> _TASK DIRECTIONS_
Range to repeat from the listing below: the line containing "- Los ácidos" down to the line containing "Woman with child finds 'wolf' in Ajman building lift Woman", both included. Copy it exactly, pictures excluded, and add nothing else.
*** Opening ENTRIES SUPPLIED ***
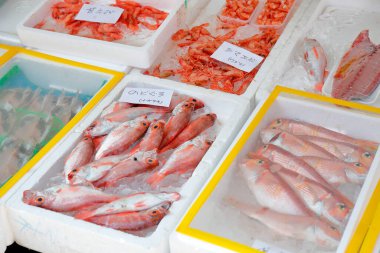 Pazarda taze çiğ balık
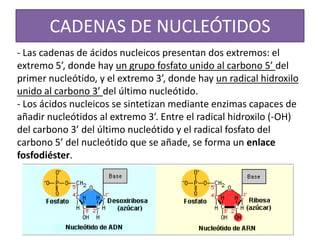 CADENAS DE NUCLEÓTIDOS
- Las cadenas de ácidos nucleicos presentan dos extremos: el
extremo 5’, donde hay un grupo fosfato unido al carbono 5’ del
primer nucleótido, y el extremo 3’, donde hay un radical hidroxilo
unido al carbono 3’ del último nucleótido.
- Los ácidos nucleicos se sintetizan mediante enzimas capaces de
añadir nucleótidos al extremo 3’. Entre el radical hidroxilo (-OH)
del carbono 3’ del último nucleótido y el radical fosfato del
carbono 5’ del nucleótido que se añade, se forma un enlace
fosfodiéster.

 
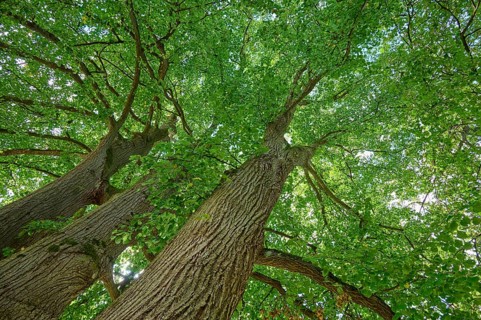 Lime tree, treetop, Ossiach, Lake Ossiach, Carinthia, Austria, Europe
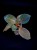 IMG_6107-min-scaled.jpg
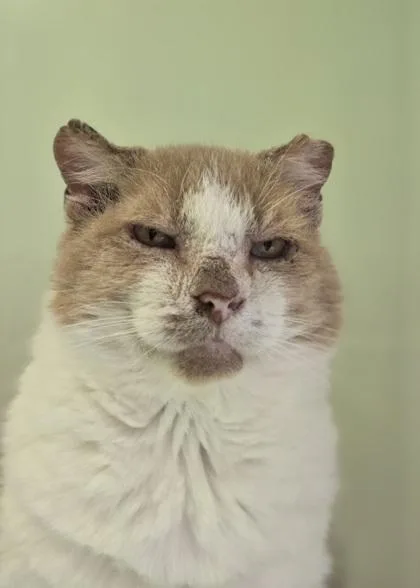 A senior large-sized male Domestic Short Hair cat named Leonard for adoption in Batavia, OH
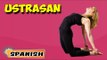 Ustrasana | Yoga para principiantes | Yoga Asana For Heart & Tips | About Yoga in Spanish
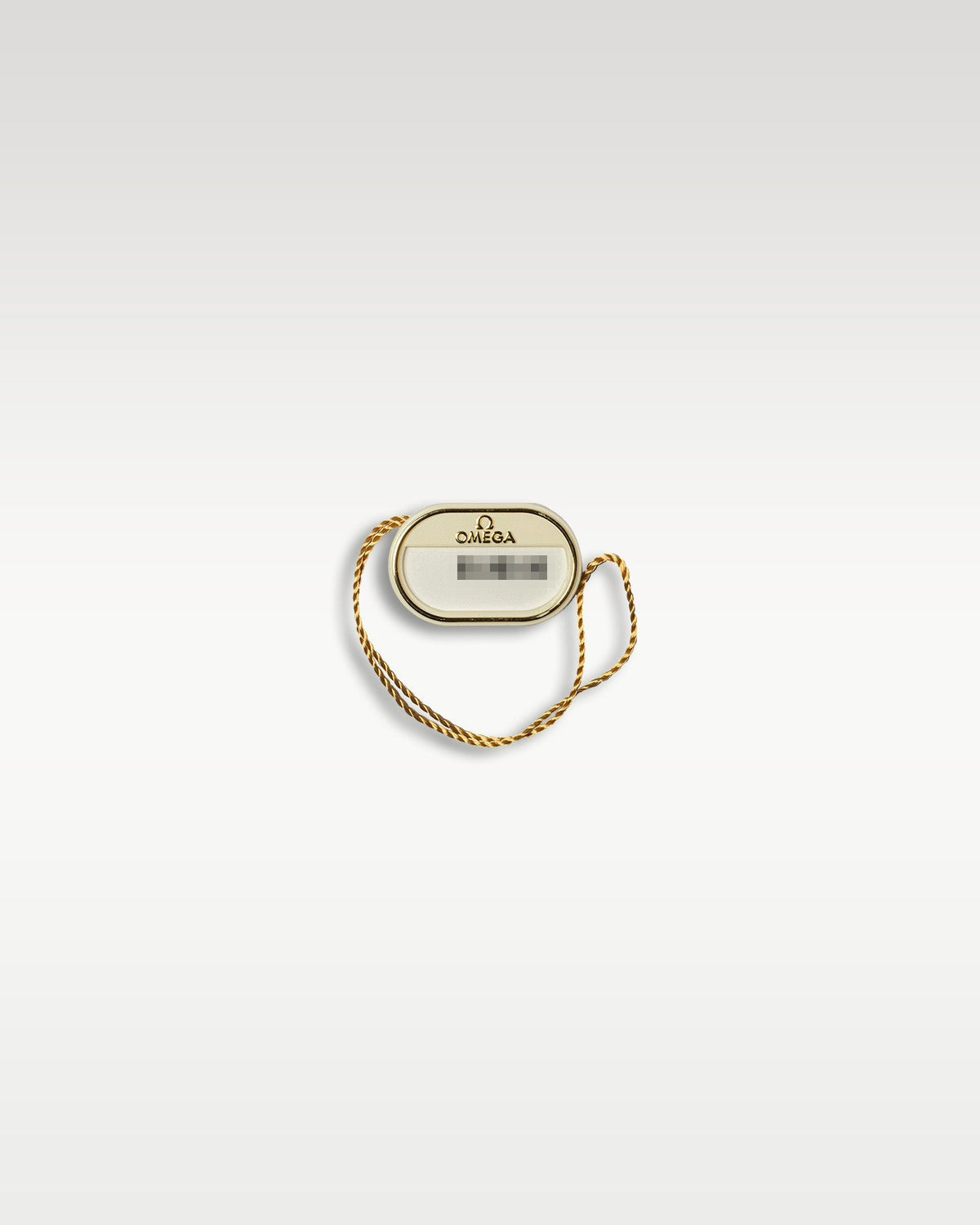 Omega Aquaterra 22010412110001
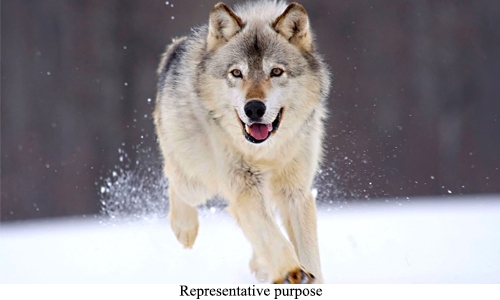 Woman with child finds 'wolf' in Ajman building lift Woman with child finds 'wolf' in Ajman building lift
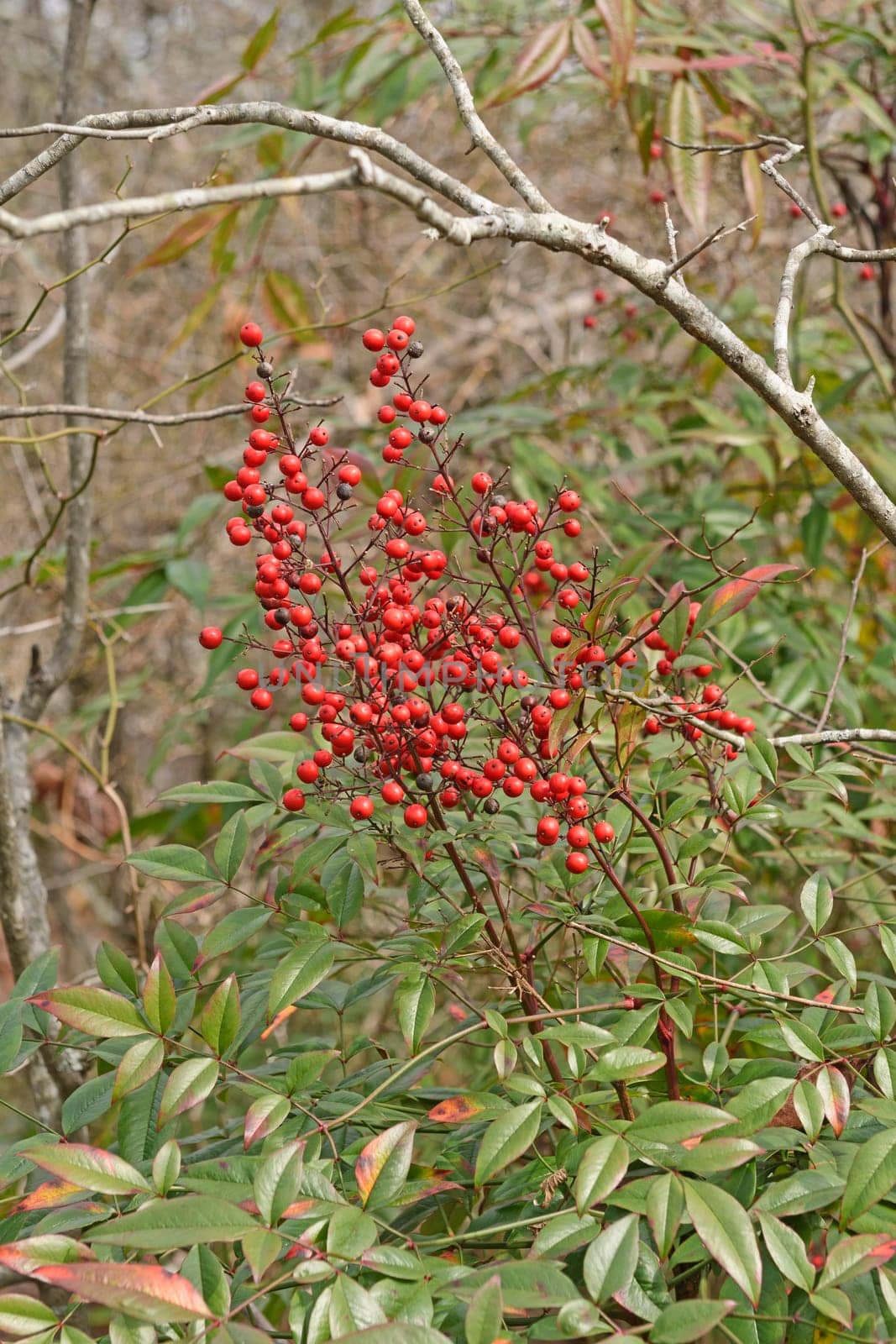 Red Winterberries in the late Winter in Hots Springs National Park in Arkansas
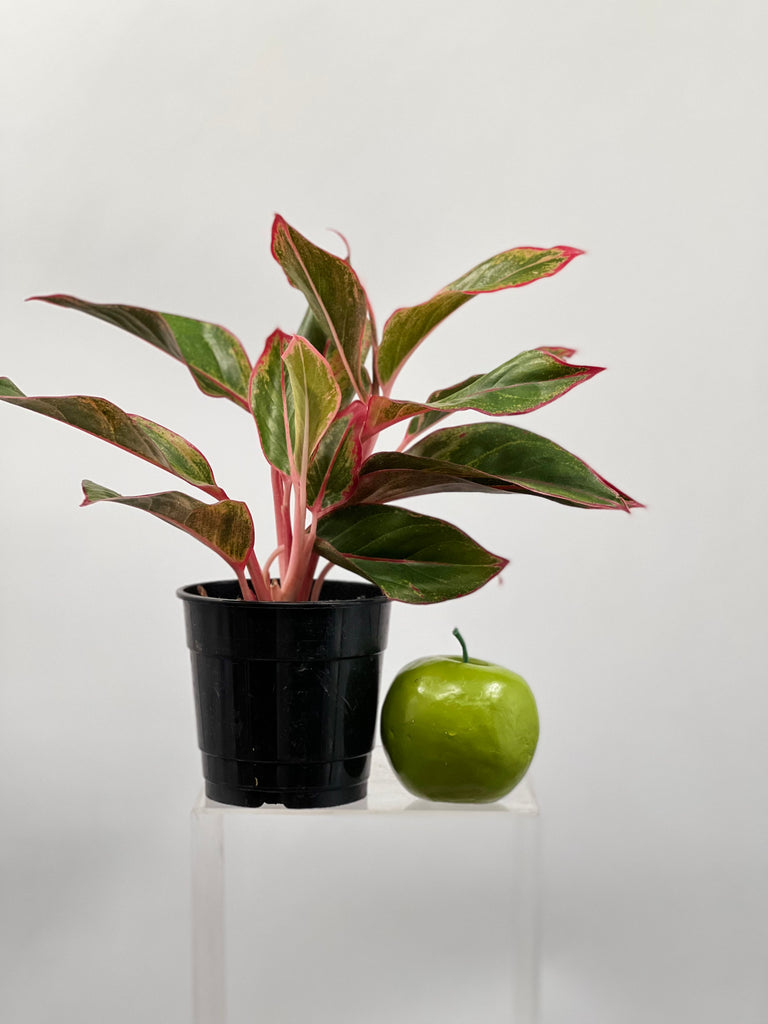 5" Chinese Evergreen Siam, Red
*** Closing ENTRIES SUPPLIED ***
> _YOUR RESPONSE_
- Los ácidos nucleicos se sintetizan mediante enzimas capaces de
añadir nucleótidos al extremo 3’. Entre el radical hidroxilo (-OH)
del carbono 3’ del último nucleótido y el radical fosfato del
carbono 5’ del nucleótido que se añade, se forma un enlace
fosfodiéster.

 
 Lime tree, treetop, Ossiach, Lake Ossiach, Carinthia, Austria, Europe
 IMG_6107-min-scaled.jpg
 A senior large-sized male Domestic Short Hair cat named Leonard for adoption in Batavia, OH
 Ustrasana | Yoga para principiantes | Yoga Asana For Heart & Tips | About Yoga in Spanish
 Omega Aquaterra 22010412110001
 Woman with child finds 'wolf' in Ajman building lift Woman with child finds 'wolf' in Ajman building lift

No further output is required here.